**Caption-style text data:**
=== Section Start ===
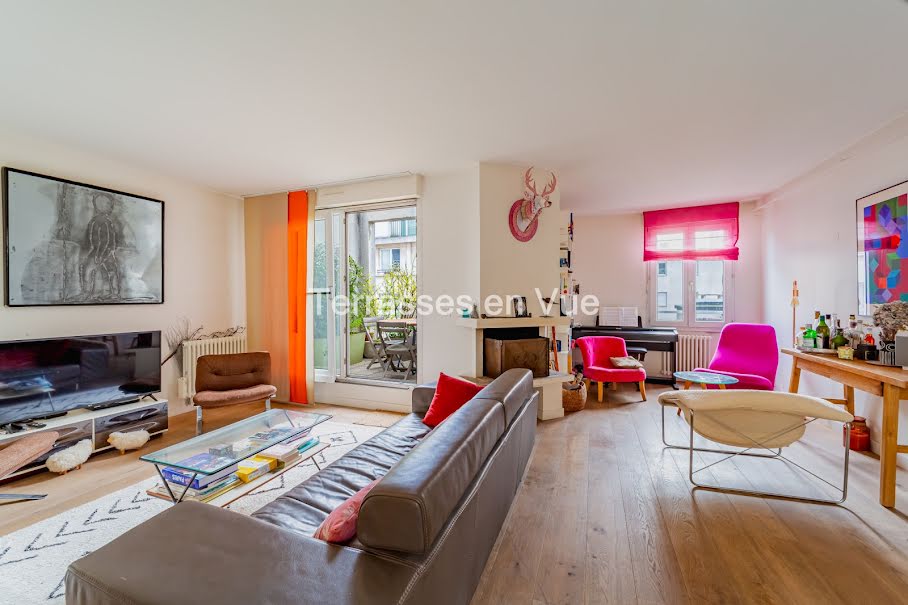 Vente appartement 4 pièces 105 m² à Paris 15ème (75015), 1 245 000 €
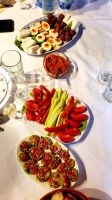 Traditionelles Abendessen auf einem Bauernhof in Sibiel. Rundreise Rumänien und Bulgarien.  &ndash; &copy; Martina Wegener (Eberhardt TRAVEL)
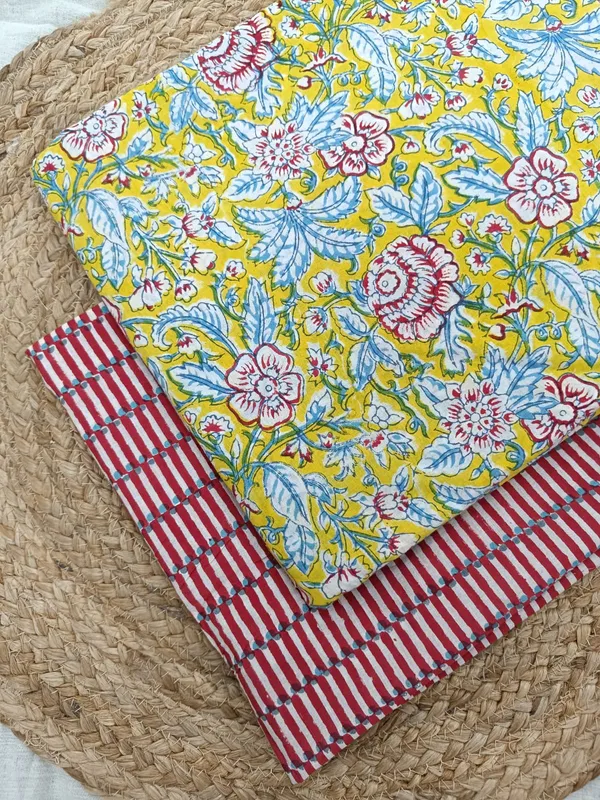 Hand_Block_Printed_Cotton_Fabric_Combo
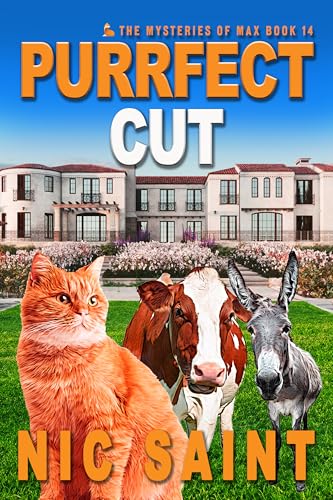 Purrfect Cut book cover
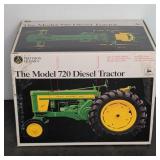 John Deere Model 720 Diesel Tractor Precision Toy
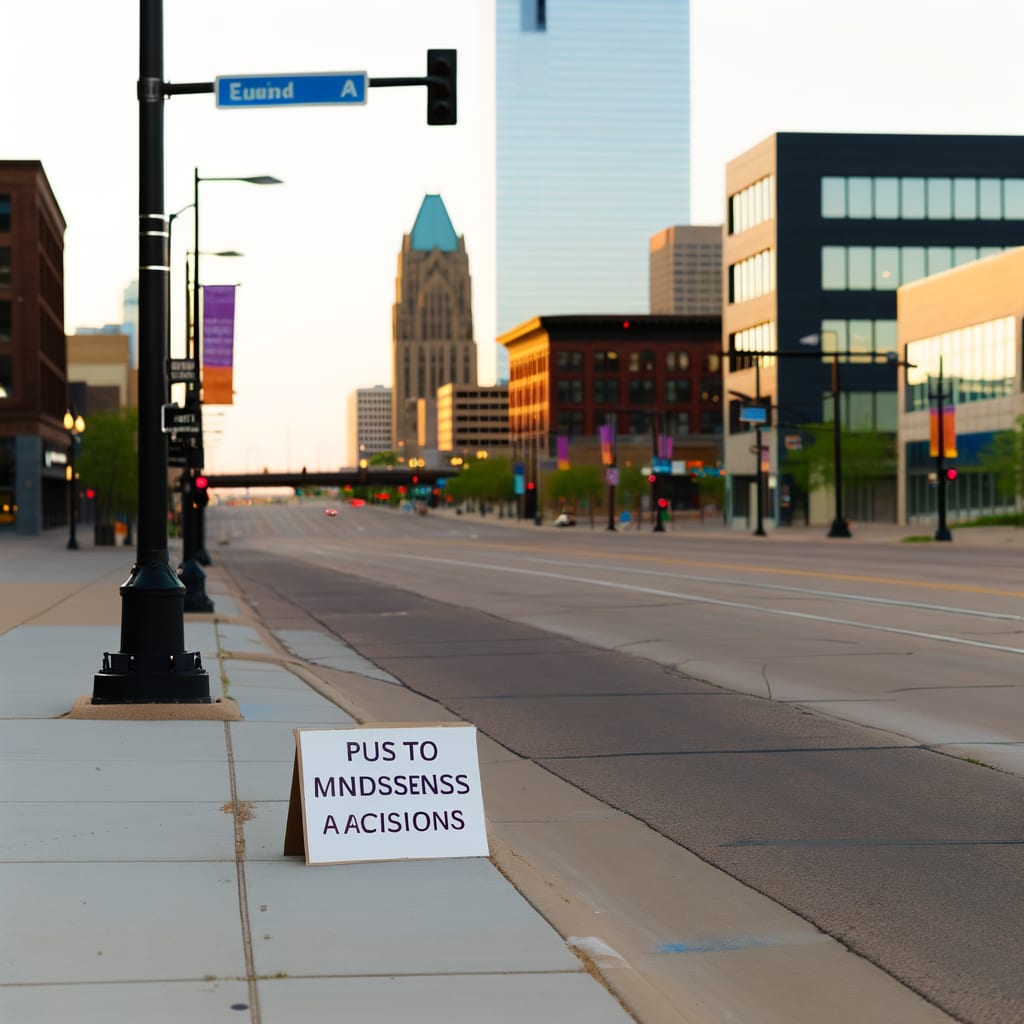 Minneapolis Engulfed in Protests as Federal Agents Kill Two in Immigration Raids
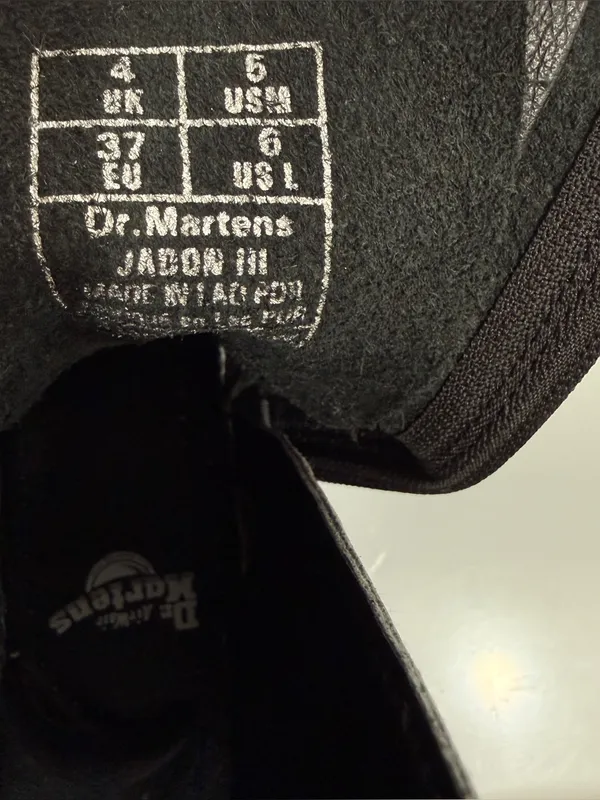 Dr. Martens Jadon III Boots Pisa Leather - Image 5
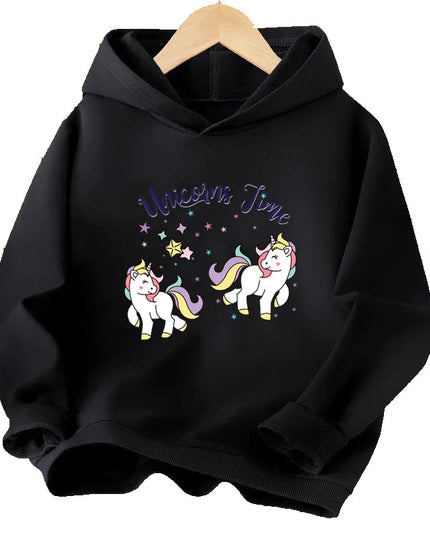 Dein leuchtender Einhorn Hoodie Rot!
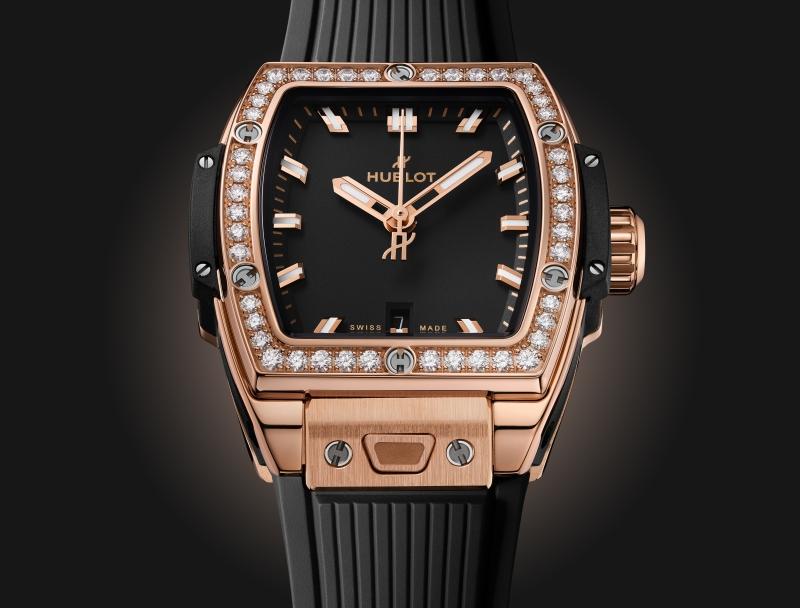 Spirit of Big Bang King Gold Diamonds 32 mm | Hublot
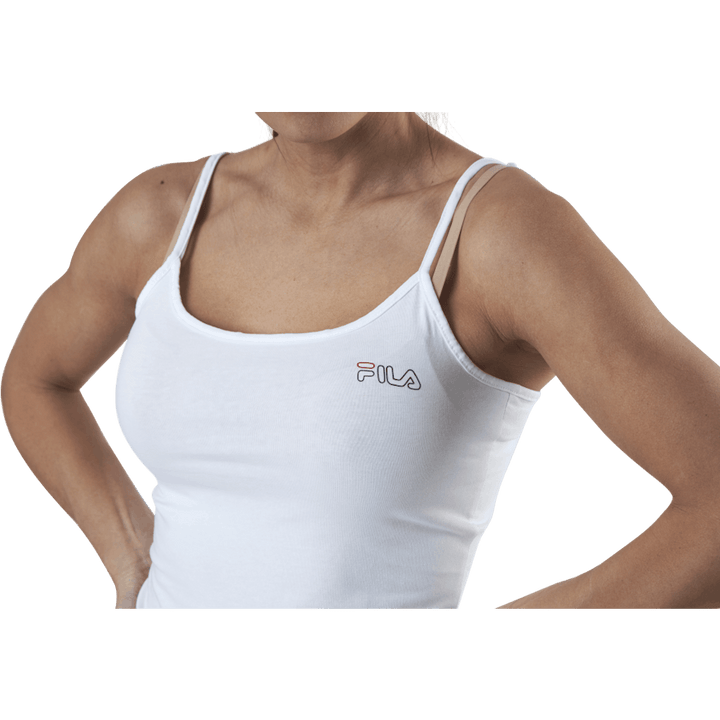 Ranee Spagetti Strap Top White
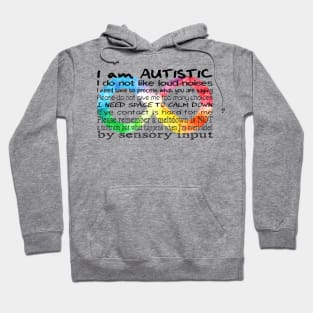 I am Autistic Hoodie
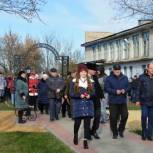 В воробьевском селе Лещаное благоустроили парк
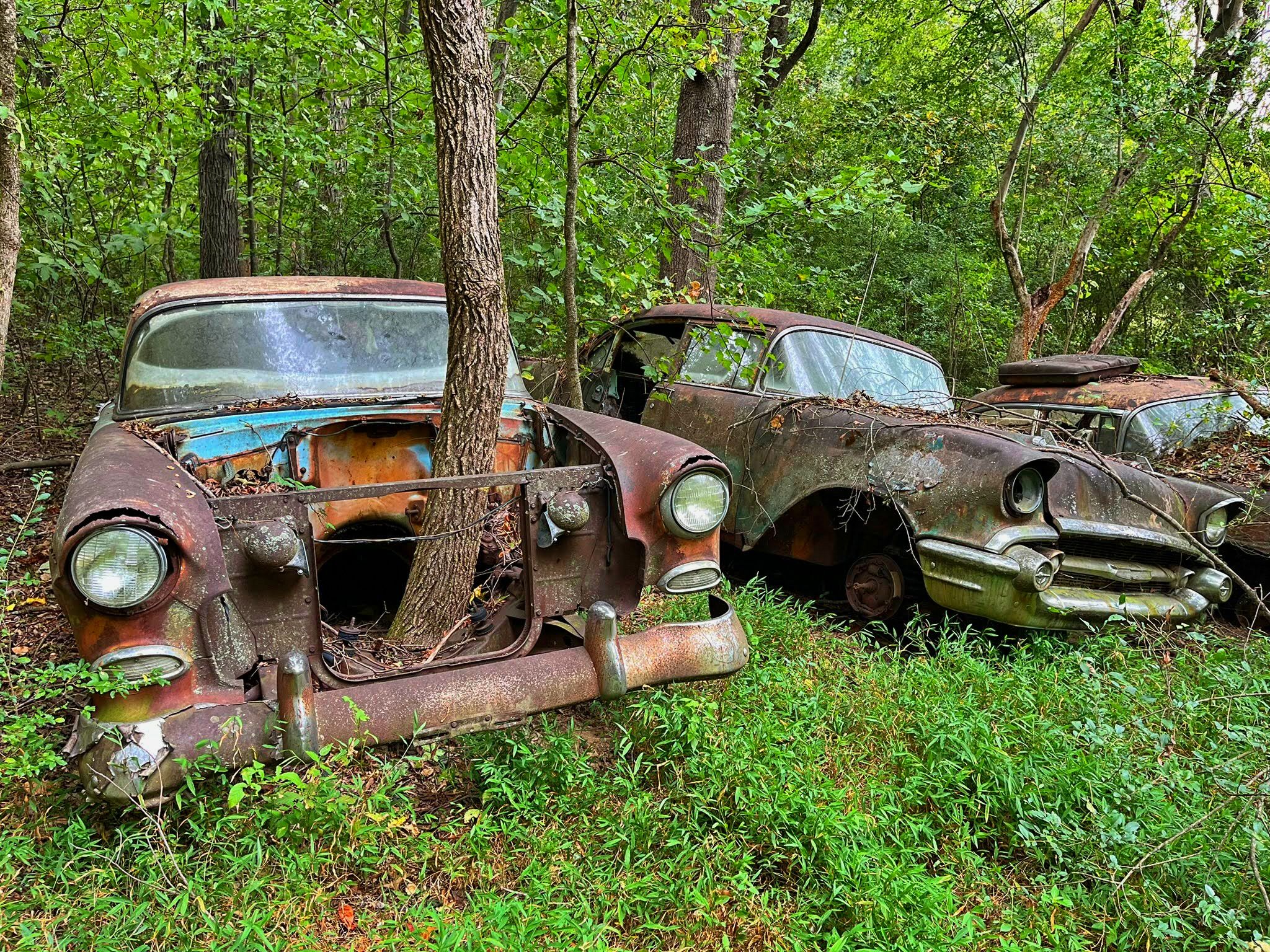 Video: Rust never sleeps - The Graveyard of Cars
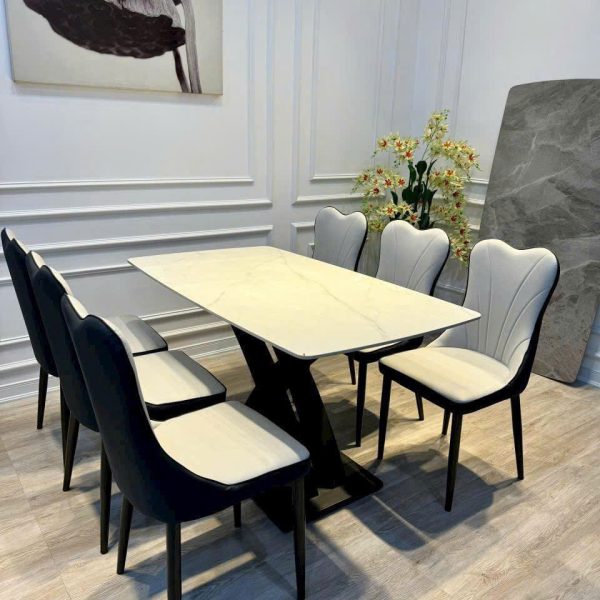 Mẫu bàn ghế ăn - 003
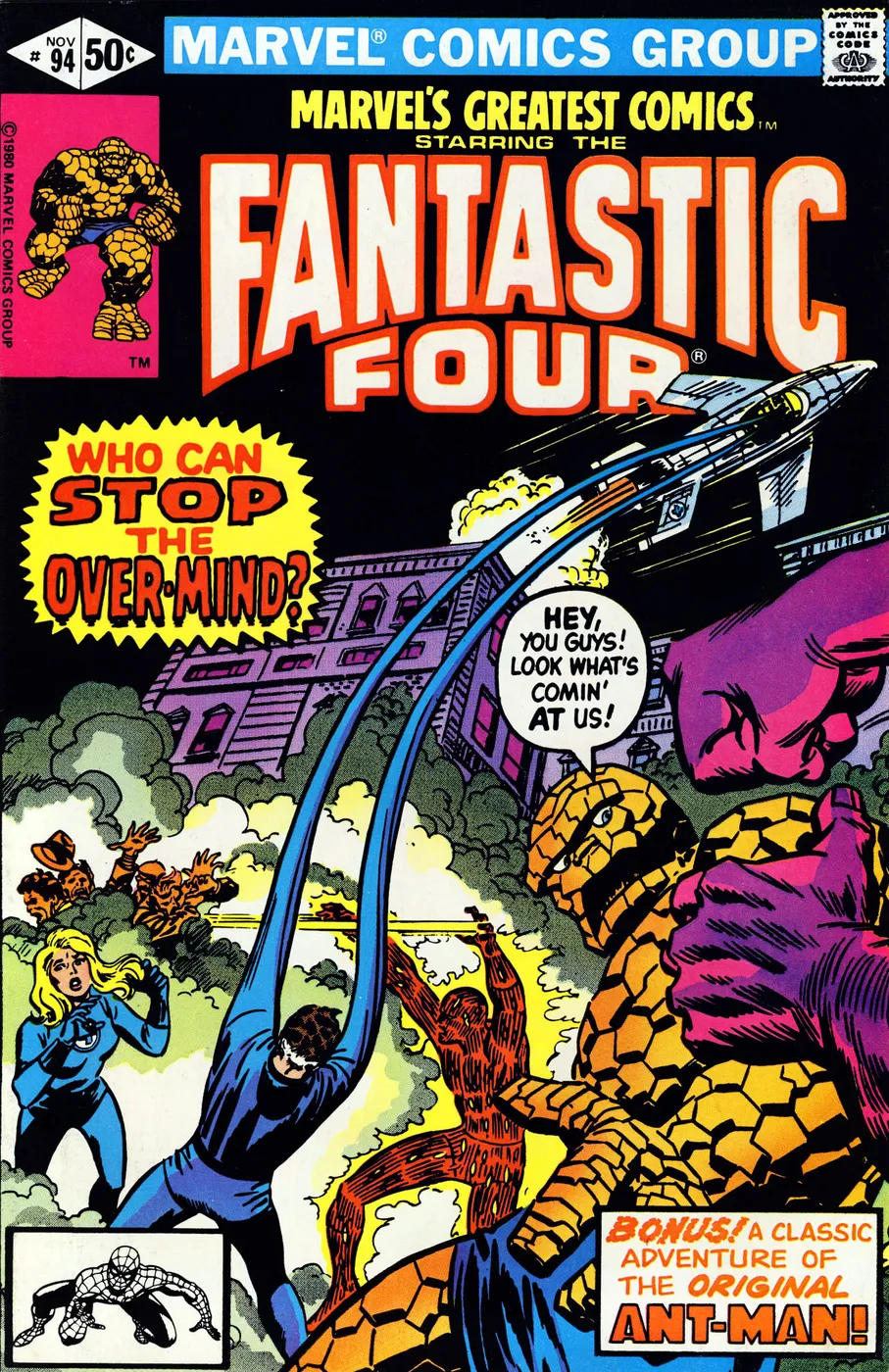 Cover of Marvel's Greatest Comics #94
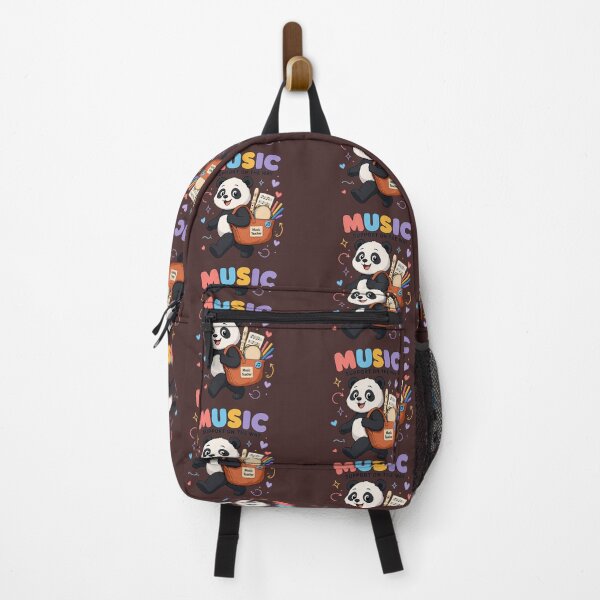 Item preview, Music Teacher Panda Support designed and sold by MOCH- ART.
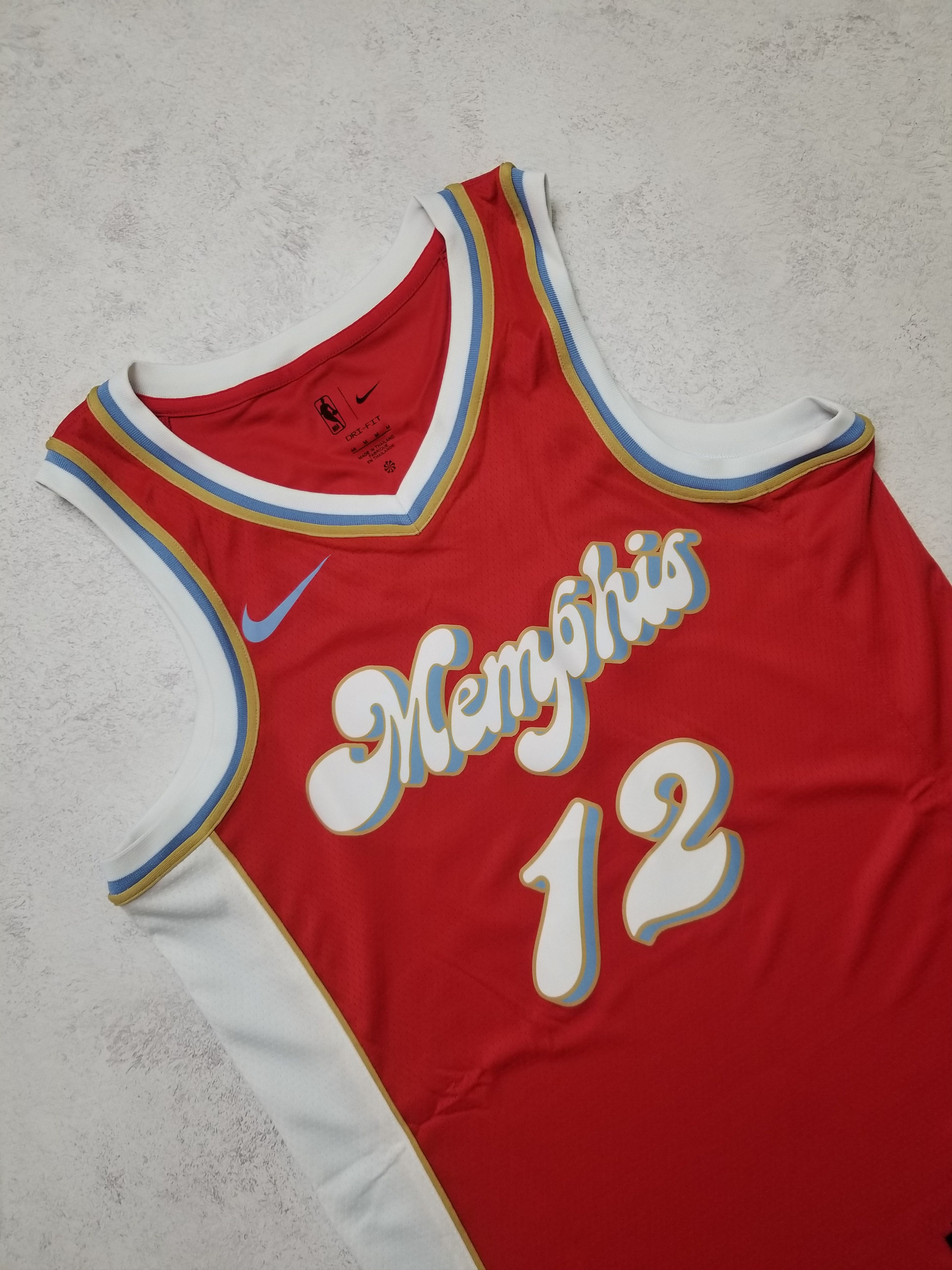 Nike Nike Ja Morant Memphis Grizzlies Swingman NBA Jersey Size US M / EU 48-50 / 2 - 14 Thumbnail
=== Section End ===
**Task requirements:**
Look above for the line containing "Ranee Spagetti Strap Top White"; output that line and all lines after it through the last one exactly, without the pictures.

**Exercise response:**
 Ranee Spagetti Strap Top White
 I am Autistic Hoodie
 В воробьевском селе Лещаное благоустроили парк
 Video: Rust never sleeps - The Graveyard of Cars
 Mẫu bàn ghế ăn - 003
 Cover of Marvel's Greatest Comics #94
 Item preview, Music Teacher Panda Support designed and sold by MOCH- ART.
 Nike Nike Ja Morant Memphis Grizzlies Swingman NBA Jersey Size US M / EU 48-50 / 2 - 14 Thumbnail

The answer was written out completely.